Lahの部屋

落書き帳です。見たい人は見てください。

超越論的「解明」の気持ち

 超越論的現象学において、「解明された」という言い回しに違和感を覚えることがよくある。現象学用語や特別な名辞を用いて出来事を記述したときに、しばしばこの言い方がされる。まあそんなもんだろうと場当たり的に済ませていたが、常にもやもやしていた。僕が理系畑の人であるがゆえに、抽象的な人文学に対してあらかじめ胡散臭さをもっているから、というのは確かにあるだろう。しかしながら、思うにここでの「解明」は少し特殊な使い方をされている気がするのだ。少しちゃんと考えてみようと思った。

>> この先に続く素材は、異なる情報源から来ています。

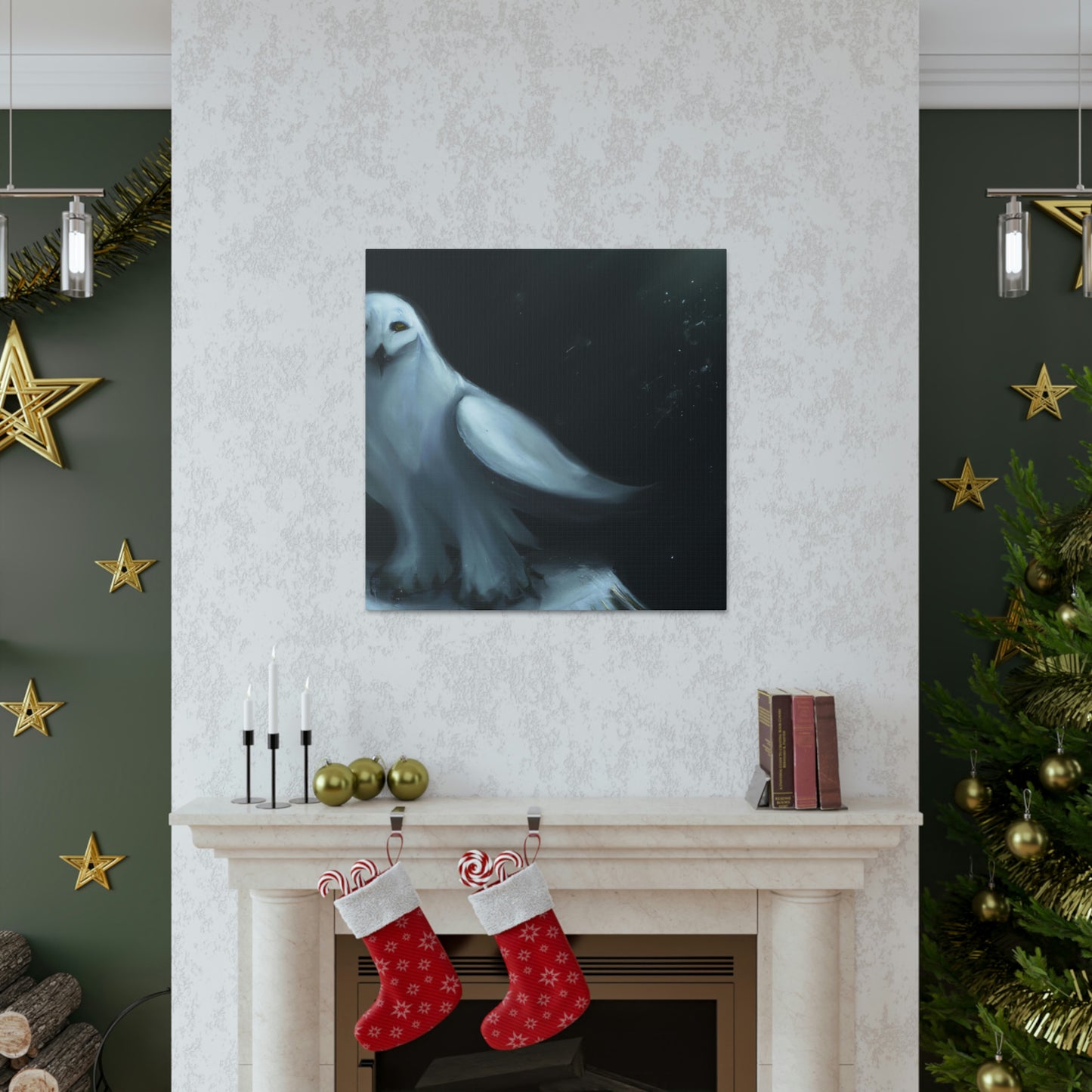 Winter's Majestic Owl - Canvas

 人文学が言い放つ「解明」に違和感を覚えたときには、プラグマティズムの格率でもって検定にかけるようにしている。物事の存在をある超越論的な説明によって捉えたとき、物事がその説明によって成り立つ場合と、他の説明によって成り立つ場合とで比較をしてみるのだ。

 ところがなかなか、超越論的な見方の優位性は見えにくい。目の前のコップが私の経験に基づいてノエシスから構成されるのと、†神の御力†によって出現するのとで、説明の本質はあまり変わらないような気がしてくるのだ。むしろこうやって問うてみると、コップがただあるのだという自然主義的視点のほうがよほどプラグマティックであるようにも見えてくる。

 僕は現象学的視点は好きだし、プラグマティズムが万能の「調停者」だと信じたい気持ちもある。なので、これを機に、自分のなかで両者を調和させておきたい(哲学史上ではとっくになされているのかもしれないが)。

 遠回りかもしれないが、現象学、ひいてはこのような認識論が登場してきた時代背景に注目するようになった。そうして色々な本を読んでいるうちに少し発見があった。超越論的現象学は他者との共通了解を得ることを目的のひとつとしているわけだが、それはかなり多様な世界観をもつ人々とのそれを目指していたのでは、ということだ。

 各種科学と宗教と哲学理論とが入り交じる時代で共通認識を作り出すためには、客観存在ではなく認識をベースにするのはもっともだ。コップのような事物の存在であれば自然主義的に捉えることの悪さは目立たないが、神や超自我などの概念をいきなり客観的に持ち出されると厳しいものがある。なるほど。

 正直なところ、宗教がなすような大きな世界観の違いというのを肌で理解できていないので、やはり結論を出しにくい問題ではある。ただ、「すっごく違う世界の見方をする人」を想定すれば、超越論的現象学の気持ちとプラグマティズムの気持ちを馴染ませるのは難しくないなと思った。